My daughter, Pearl, struggled with her own knitting needles, seated at my feet. She tried to match my speed, but failed, writing only TRUTH, HATE, and BOIL. She sighed and I smiled at her. She would get it. She had the dexterity we look for in young children, already outpacing her peers. Oma approved of her, and has told me in private that Pearl may be trained as an assassin soon. She’s small and good with her hands. I am so proud.
Shouts come from outside the fortress, our first warning system. The warriors snap to attention and bring out their knitting needles, filed to razor sharpness. Parson, my mate, reaches into his yarn bag and pulls out three small balls of heavy wire and hefts them, testing their weight. We don’t know who attacks now- it could be a rival Granny’s tribe. It could be someone from the Makers who would view such use of wire as blasphemy.
I begin to bind off Oma’s story. She won’t finish it tonight. My sister comes to usher the children out of the hall and out of harm’s way. Pearl looks at me with her deep brown eyes and I nod to her. She can’t stand with the warriors for many more years.
I go to stand by Oma, placing my story over her large span of lap to keep her warm. The attackers will likely leave the doors open.
Oma always faces her attackers, confident in her warriors’ abilities to keep her safe. She has never been injured. We had the strongest warriors in the country.

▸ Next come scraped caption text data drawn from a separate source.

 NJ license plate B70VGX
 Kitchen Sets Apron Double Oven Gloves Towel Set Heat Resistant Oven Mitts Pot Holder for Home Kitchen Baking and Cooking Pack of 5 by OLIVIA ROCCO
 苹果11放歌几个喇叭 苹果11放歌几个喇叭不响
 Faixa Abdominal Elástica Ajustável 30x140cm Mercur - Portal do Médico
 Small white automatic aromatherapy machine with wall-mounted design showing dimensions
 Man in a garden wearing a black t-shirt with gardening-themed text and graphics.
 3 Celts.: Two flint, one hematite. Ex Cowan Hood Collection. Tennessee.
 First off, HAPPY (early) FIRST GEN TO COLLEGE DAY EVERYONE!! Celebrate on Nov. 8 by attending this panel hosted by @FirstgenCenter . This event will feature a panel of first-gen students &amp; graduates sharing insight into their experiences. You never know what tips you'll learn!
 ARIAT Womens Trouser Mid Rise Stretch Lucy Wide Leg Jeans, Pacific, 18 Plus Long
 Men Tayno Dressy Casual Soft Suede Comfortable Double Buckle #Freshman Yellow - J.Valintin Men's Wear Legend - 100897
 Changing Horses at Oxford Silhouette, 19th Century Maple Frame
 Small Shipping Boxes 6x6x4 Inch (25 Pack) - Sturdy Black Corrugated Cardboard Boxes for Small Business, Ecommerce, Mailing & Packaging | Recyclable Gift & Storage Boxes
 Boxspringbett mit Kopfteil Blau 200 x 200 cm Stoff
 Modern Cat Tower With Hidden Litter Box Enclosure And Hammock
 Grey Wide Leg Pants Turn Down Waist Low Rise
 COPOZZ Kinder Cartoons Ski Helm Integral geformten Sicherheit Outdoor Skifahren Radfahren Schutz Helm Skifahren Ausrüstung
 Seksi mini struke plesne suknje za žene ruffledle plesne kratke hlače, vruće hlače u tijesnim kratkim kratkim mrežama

We hear a sharp bang in the hallway, and the warriors jump. Oma stands from her throne. “This is not from the other Grannies.”
“The Makers, then?” I ask.
“A faction of the Makers, yes. They kept the old weapons. They were the ones that hated the truth.” She balls her hands. “They were the ones who caused the war, who punished the writers. This is going to be a harder battle than you’re used to.”
She begins to strip off her gloves, and I realize with a shock I’ve never seen her hands. “If I don’t make it, Jade, you are my heir.” The warriors close by gasp. I don’t blame them – at 37 I am not nearly old enough to lead the tribe.
“If they kill me,” she continues. “Don’t let them leave here alive. If they capture you, make sure they kill you, or kill yourself. Never let them punish you for the truth.”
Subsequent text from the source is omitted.